--- START ---

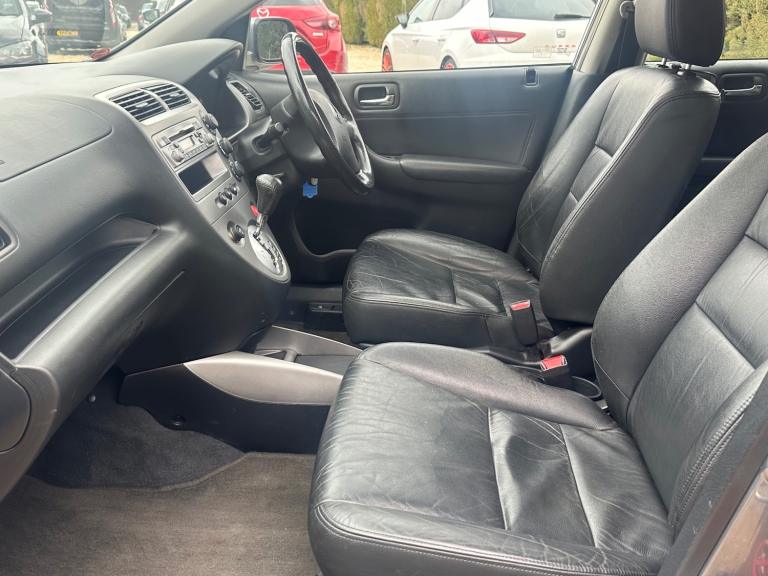 2005 Honda Civic 1.6 i-VTEC Executive 5dr AUTOMATIC  [2004-54] HATCHBACK Petrol Automatic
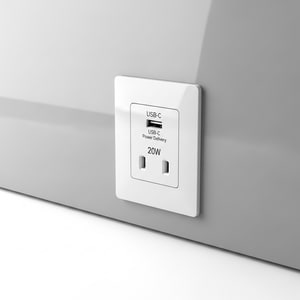 USB-C PD 20W socket
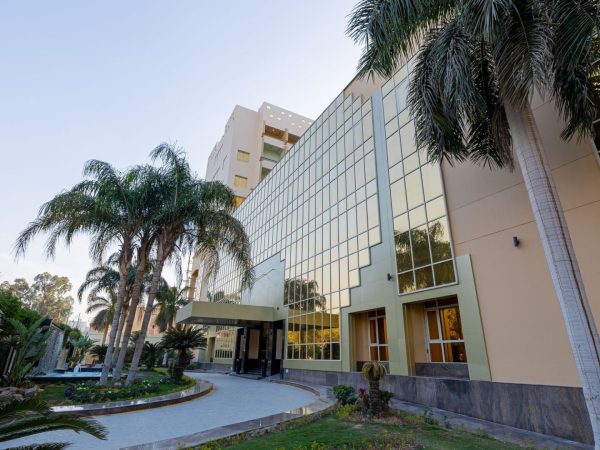 Triumph Plaza Hotel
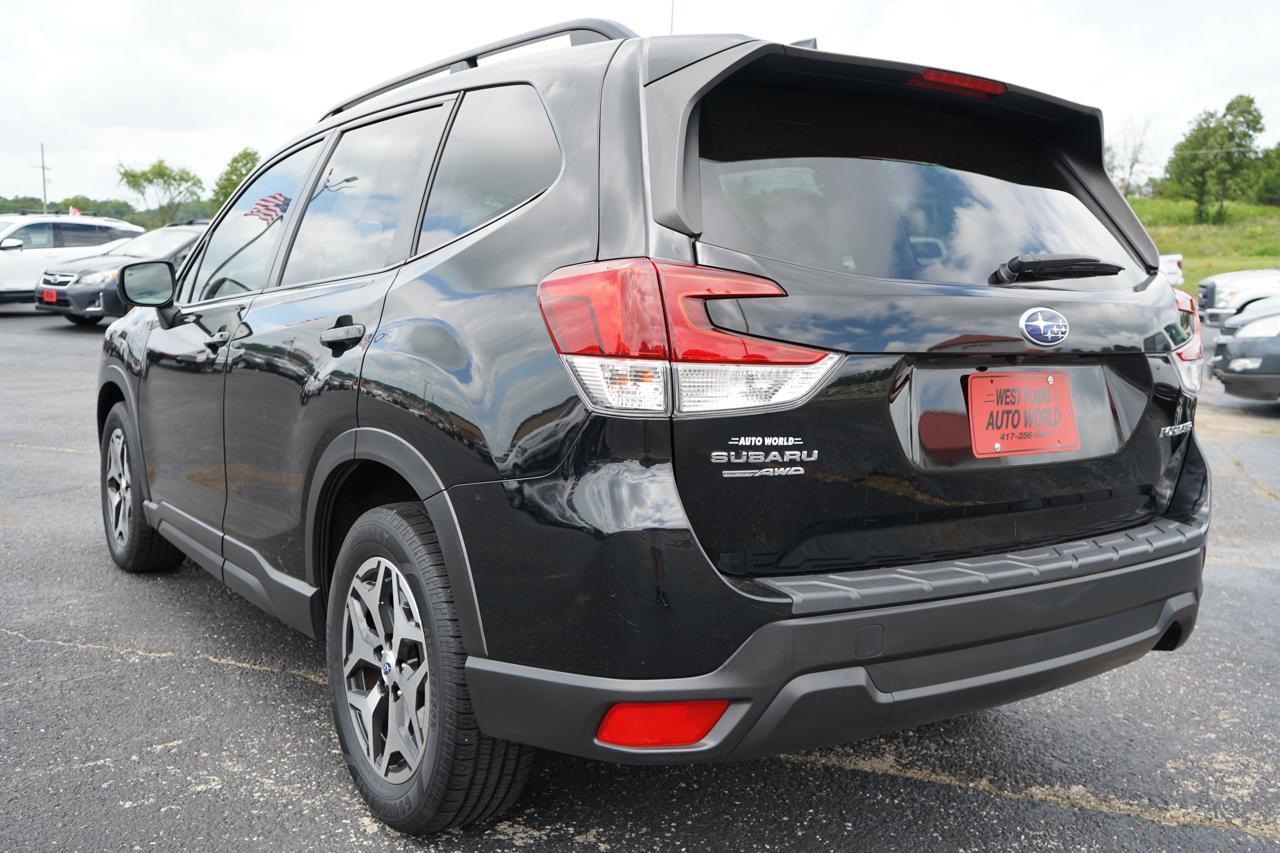 Subaru Forester 2.5i Premium 2019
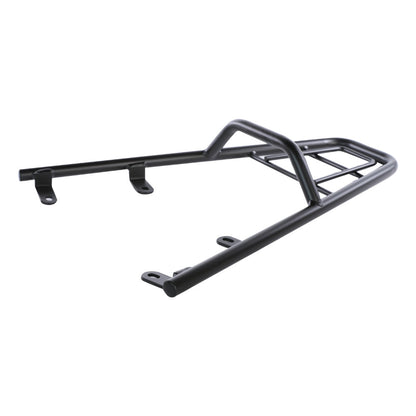 Prima Rear Rack (Flat, Black); Genuine Rattler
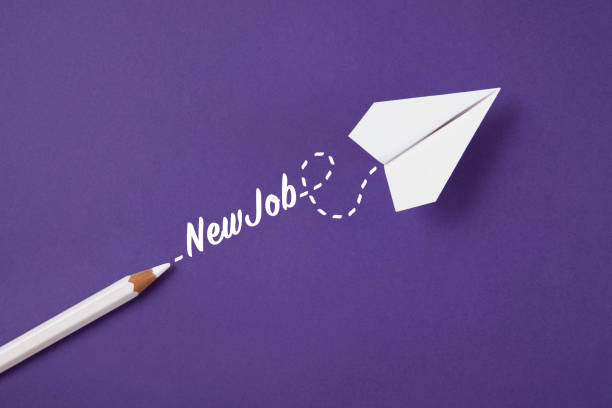 istock New Job Concept with Paper Airplane 1372006843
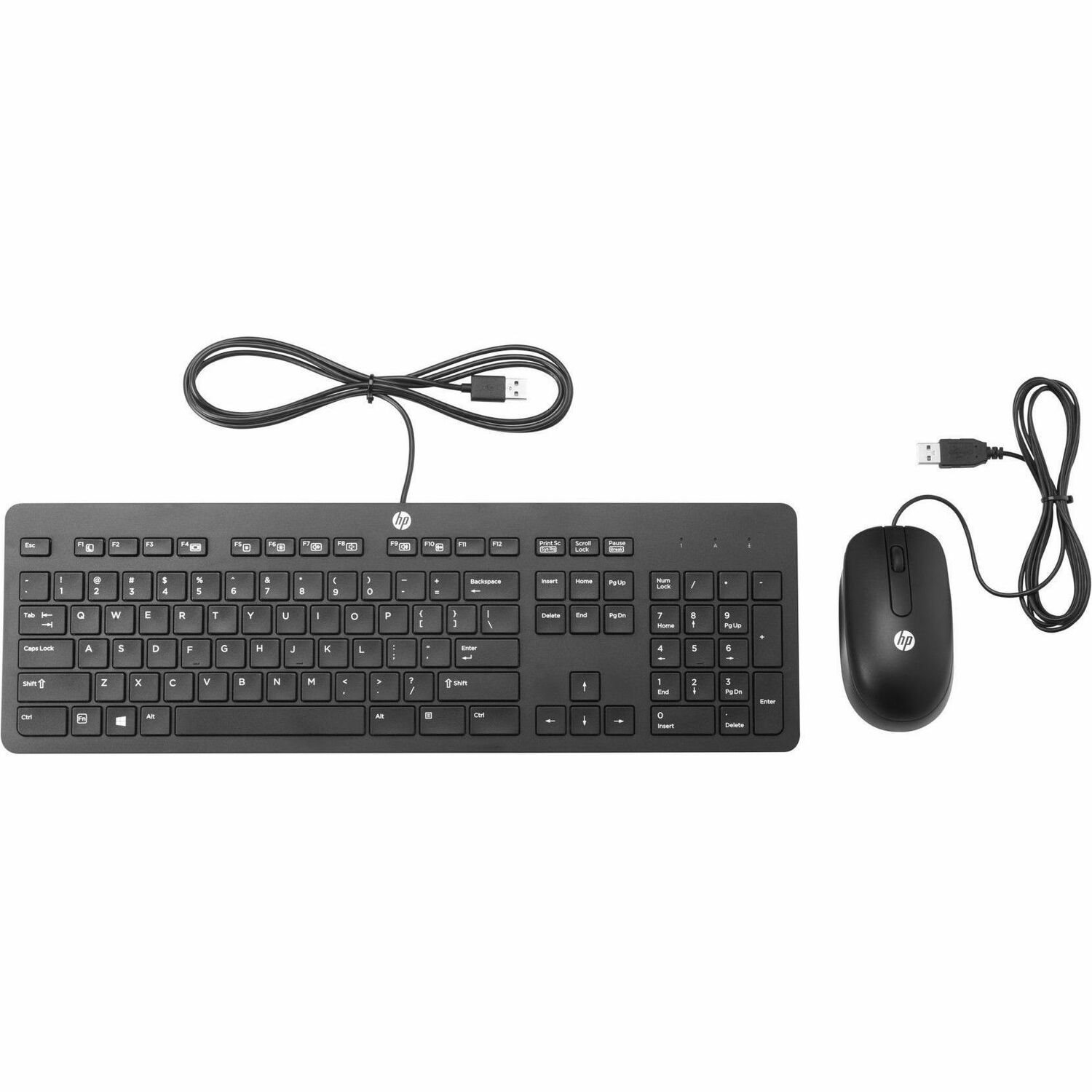 HPI SOURCING - NEW Business Slim Keyboard and Mouse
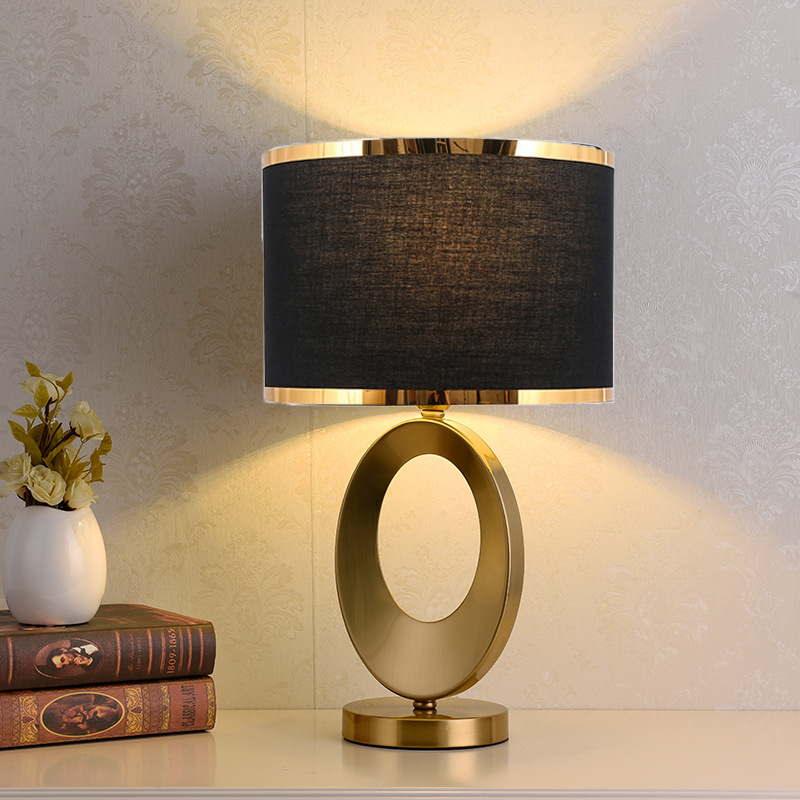 Lampe de bureau nordique de lu - Desk Lamp avis et prix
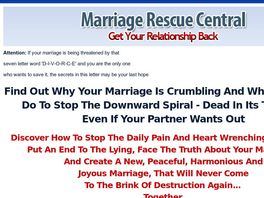 Go to: Restore Your Marriage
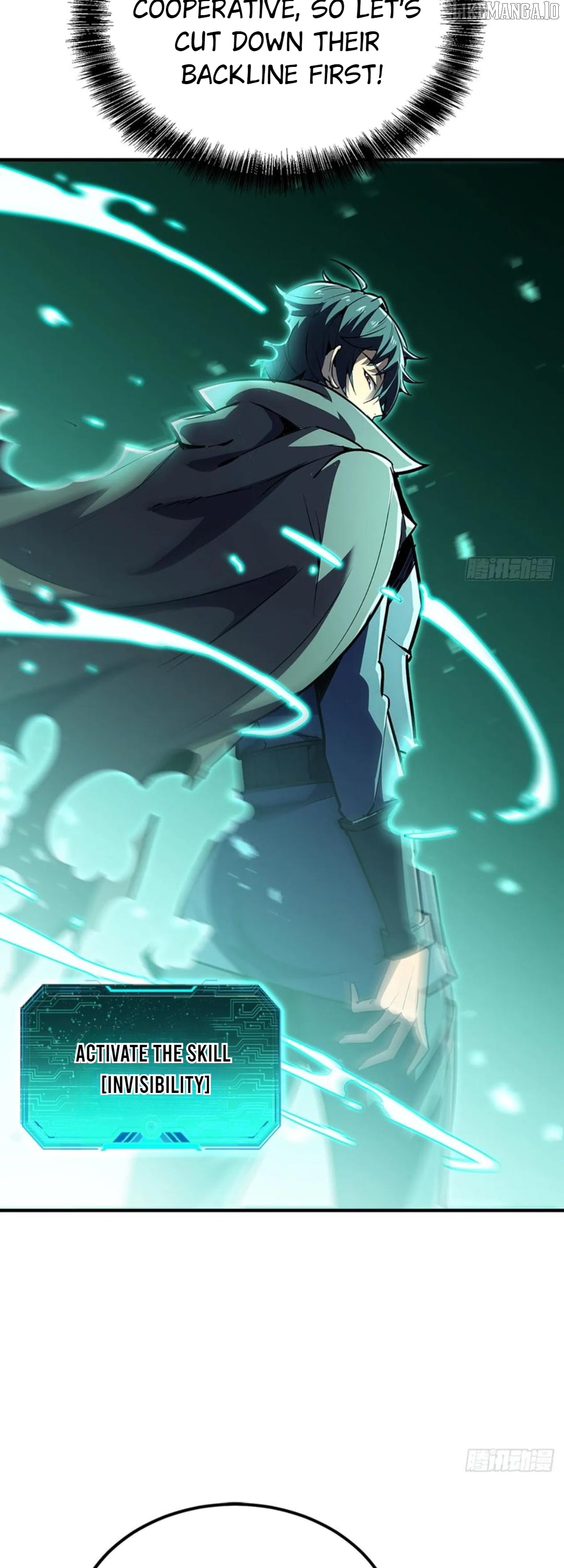 Read Lord of Summons! Sudden Mutation EN Manga Online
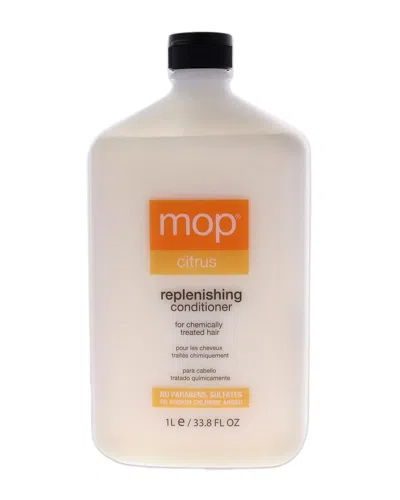 Mop Unisex 33.8oz Citrus Replenishing Conditioner In Transparent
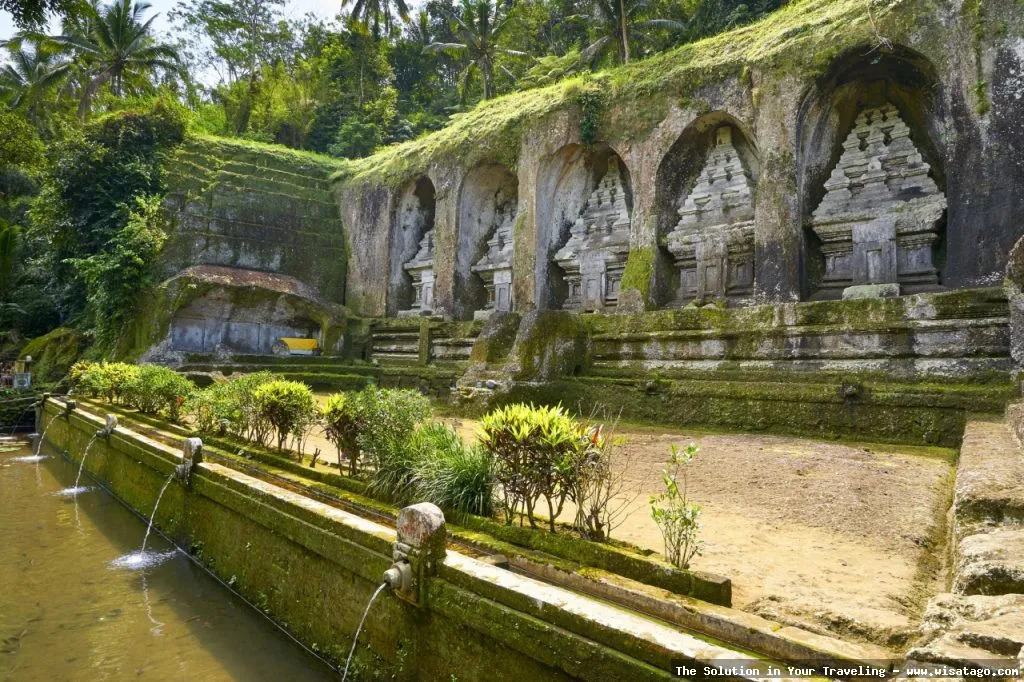 Gunung Kawi: Pemandangan indah pegunungan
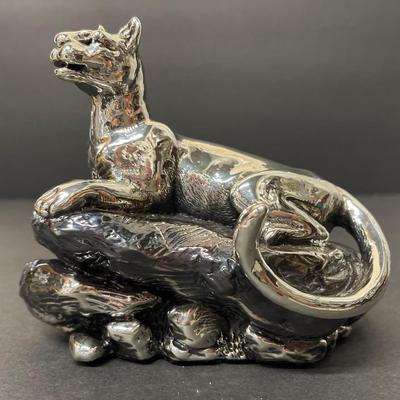 Plata Artistica .999 Silver Coated Lioness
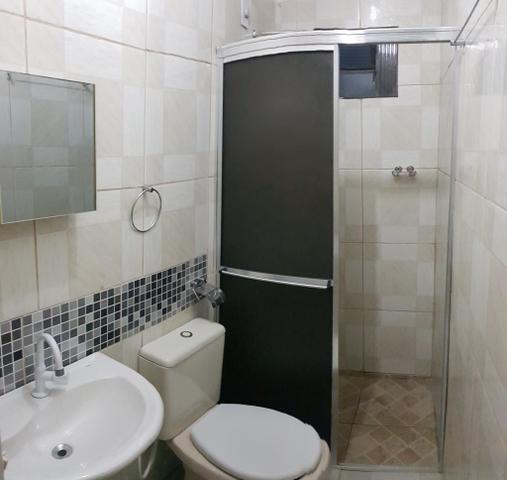 Alugo kit de 1 quarto e 2 quartos 603 no recanto das emas - Foto 3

--- END ---

Exactly the lines from the line with "Go to: Restore Your Marriage" through the end of the data are to be reproduced, and no picture is to be included.

 Go to: Restore Your Marriage
 Read Lord of Summons! Sudden Mutation EN Manga Online
 Mop Unisex 33.8oz Citrus Replenishing Conditioner In Transparent
 Gunung Kawi: Pemandangan indah pegunungan
 Plata Artistica .999 Silver Coated Lioness
 Alugo kit de 1 quarto e 2 quartos 603 no recanto das emas - Foto 3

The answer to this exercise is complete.